SEPENGGAL DALAM RENUNGAN


pukul 07.22

lima rel berjajar melintang timur barat. nampak beberapa gerbong tergolek seperti tumpukan barang rongsokan. segelas coffemix yang kubeli 15 menit lalu, kini tinggal separo. mungkin karena aku terlalu serius memikirkan arti "8 165" yang tertulis pada balok putih seukuran batu nisan. tapi ini bukan sebuah pemakaman. dan sangat jauh dari tanah pekuburan. sebenarnya, justru akulah yang ingin memakamkan diri dalam kubangan cinta hingga tak lagi kurasakan getaran itu.

dua puluh delapan menit berlalu, aku memasuki sebuah tempat bernama BRAMBANAN. nama yang aneh kan? kupikir Prambanan. tapi mungkinkah petugas pencetak palang itu salah tulis? lepas dari semua itu, dari sini aku dapat melihat jelas sembulan puncak gunung. entah gunung apa itu. mungkin merapi.

"Yah...yah... gunung yah." seorang bocah lelaki usia 3 tahun menyeru pada ayahnya. ternyata bukan hanya aku yang melihatnya. anak itu juga mengaguminya.

udara semakin memanas. penjaja makanan mulai datang silih berganti. lima lembar uang seribuan yang menjadi penghuni terakhir dalam dompetku, sudah terganti dengan sebungkus nasi pecel dan coffemix. sarapan pagi di kereta.

"Tuutt..." kereta yang dinanti telah berlalu.
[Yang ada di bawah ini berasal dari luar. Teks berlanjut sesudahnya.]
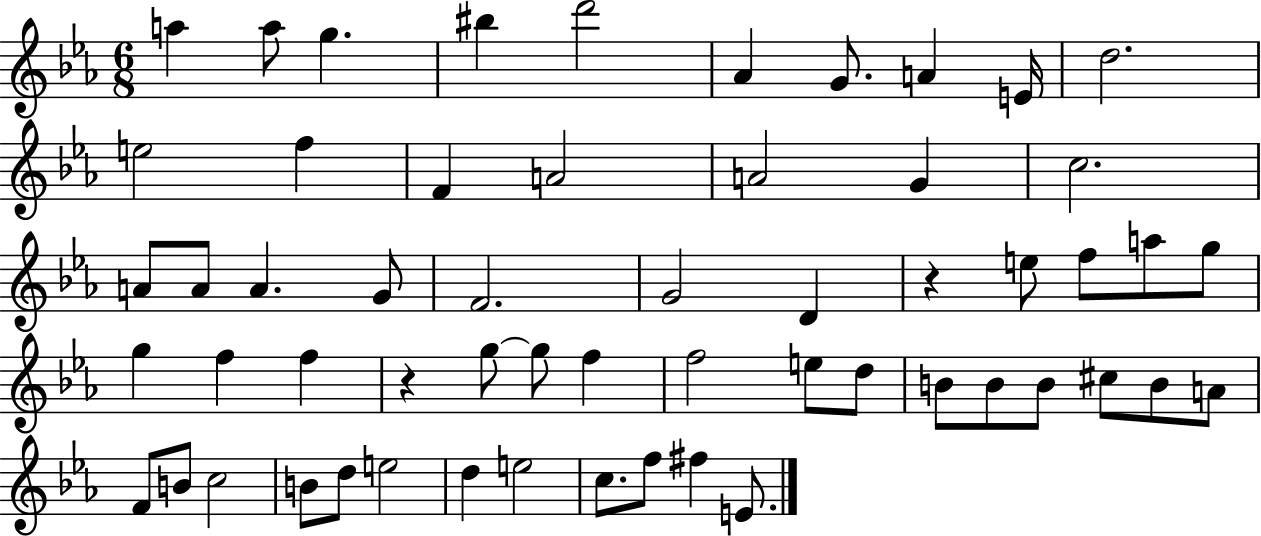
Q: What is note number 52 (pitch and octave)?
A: C5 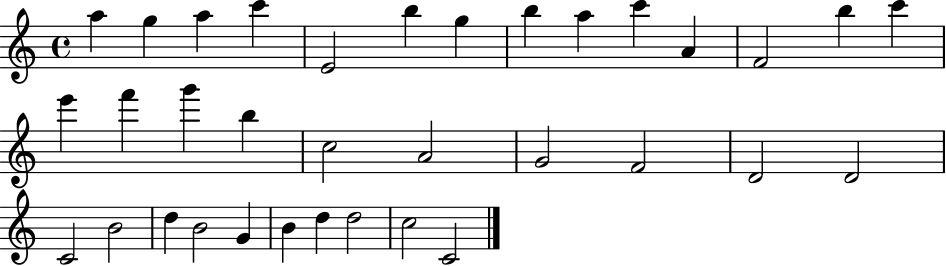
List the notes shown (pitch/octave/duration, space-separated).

A5/q G5/q A5/q C6/q E4/h B5/q G5/q B5/q A5/q C6/q A4/q F4/h B5/q C6/q E6/q F6/q G6/q B5/q C5/h A4/h G4/h F4/h D4/h D4/h C4/h B4/h D5/q B4/h G4/q B4/q D5/q D5/h C5/h C4/h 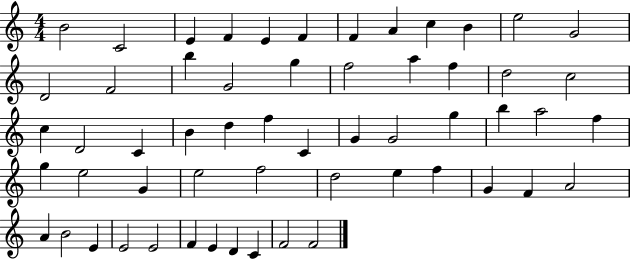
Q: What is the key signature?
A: C major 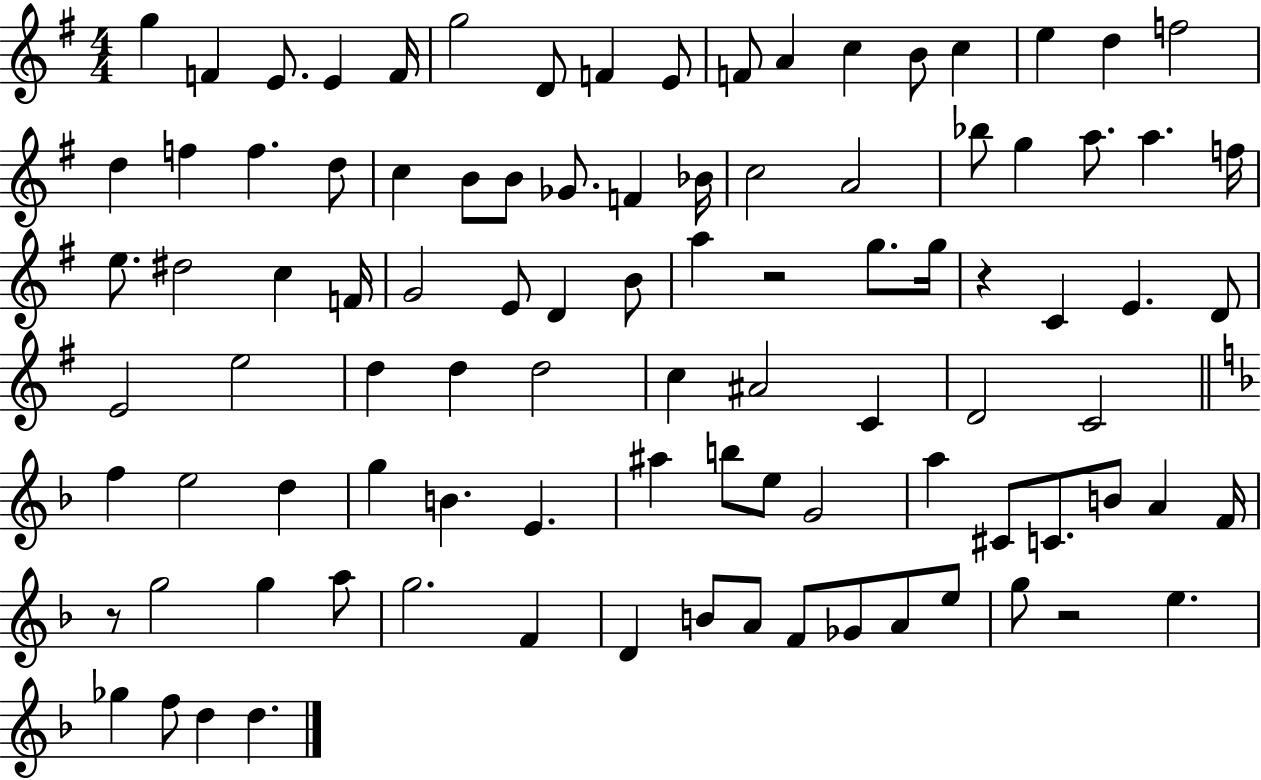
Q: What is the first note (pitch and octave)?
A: G5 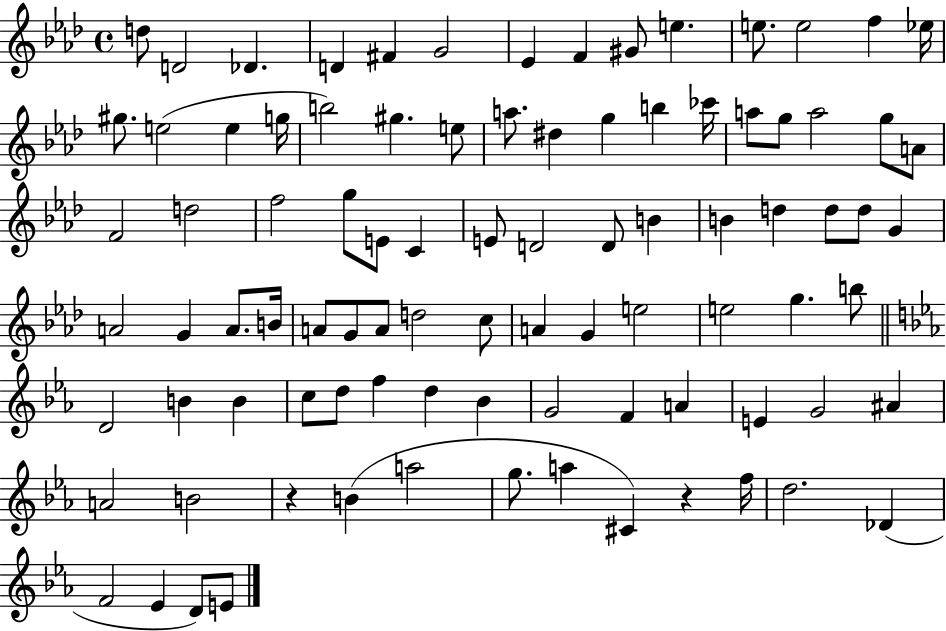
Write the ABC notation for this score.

X:1
T:Untitled
M:4/4
L:1/4
K:Ab
d/2 D2 _D D ^F G2 _E F ^G/2 e e/2 e2 f _e/4 ^g/2 e2 e g/4 b2 ^g e/2 a/2 ^d g b _c'/4 a/2 g/2 a2 g/2 A/2 F2 d2 f2 g/2 E/2 C E/2 D2 D/2 B B d d/2 d/2 G A2 G A/2 B/4 A/2 G/2 A/2 d2 c/2 A G e2 e2 g b/2 D2 B B c/2 d/2 f d _B G2 F A E G2 ^A A2 B2 z B a2 g/2 a ^C z f/4 d2 _D F2 _E D/2 E/2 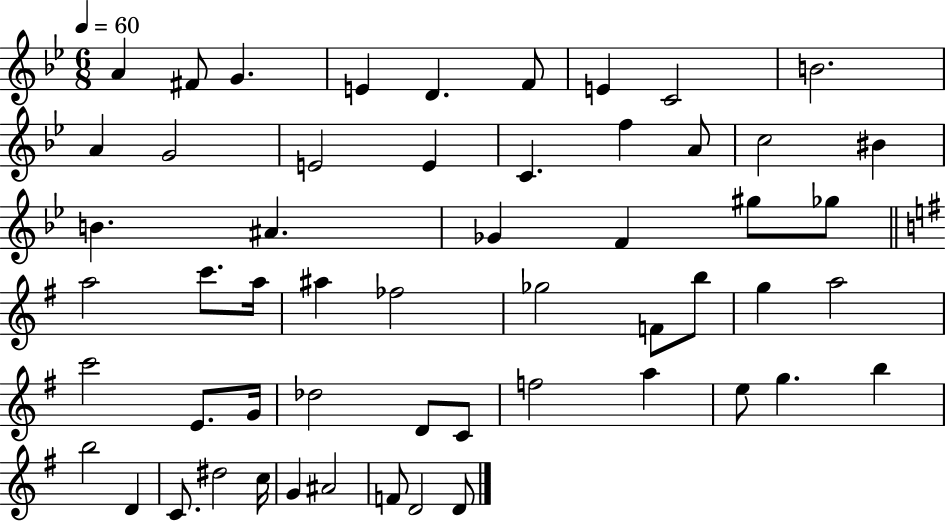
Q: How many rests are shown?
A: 0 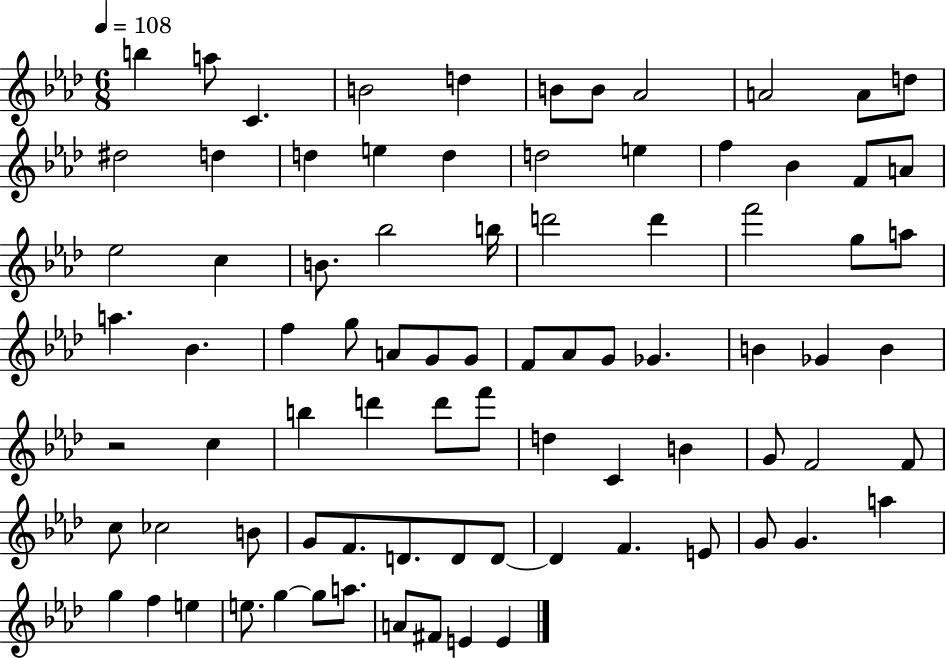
{
  \clef treble
  \numericTimeSignature
  \time 6/8
  \key aes \major
  \tempo 4 = 108
  \repeat volta 2 { b''4 a''8 c'4. | b'2 d''4 | b'8 b'8 aes'2 | a'2 a'8 d''8 | \break dis''2 d''4 | d''4 e''4 d''4 | d''2 e''4 | f''4 bes'4 f'8 a'8 | \break ees''2 c''4 | b'8. bes''2 b''16 | d'''2 d'''4 | f'''2 g''8 a''8 | \break a''4. bes'4. | f''4 g''8 a'8 g'8 g'8 | f'8 aes'8 g'8 ges'4. | b'4 ges'4 b'4 | \break r2 c''4 | b''4 d'''4 d'''8 f'''8 | d''4 c'4 b'4 | g'8 f'2 f'8 | \break c''8 ces''2 b'8 | g'8 f'8. d'8. d'8 d'8~~ | d'4 f'4. e'8 | g'8 g'4. a''4 | \break g''4 f''4 e''4 | e''8. g''4~~ g''8 a''8. | a'8 fis'8 e'4 e'4 | } \bar "|."
} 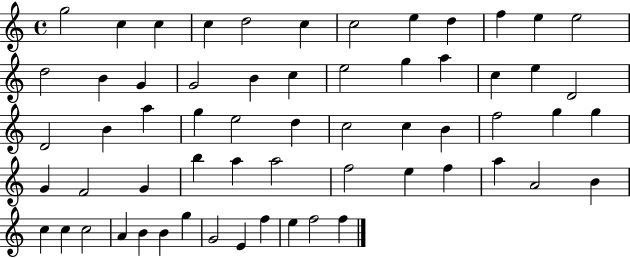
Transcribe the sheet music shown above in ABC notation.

X:1
T:Untitled
M:4/4
L:1/4
K:C
g2 c c c d2 c c2 e d f e e2 d2 B G G2 B c e2 g a c e D2 D2 B a g e2 d c2 c B f2 g g G F2 G b a a2 f2 e f a A2 B c c c2 A B B g G2 E f e f2 f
Sri Tanjung siap melaju kembali. bukan hanya keluhan para penumpang yang kurasakan, tapi juga kereta ini.

'Kenapa aku dinomorduakan?' teriak Sri, yang kudengar lewat dinding besi berlapis triplek ini.

'Stop!' gertakku dalam hati. 'berhentilah mengeluh.' perlahan kami bergerak menuju timur, dan terus melaju meski sesekali kami berhenti dan sabar menunggu yang nomor satu.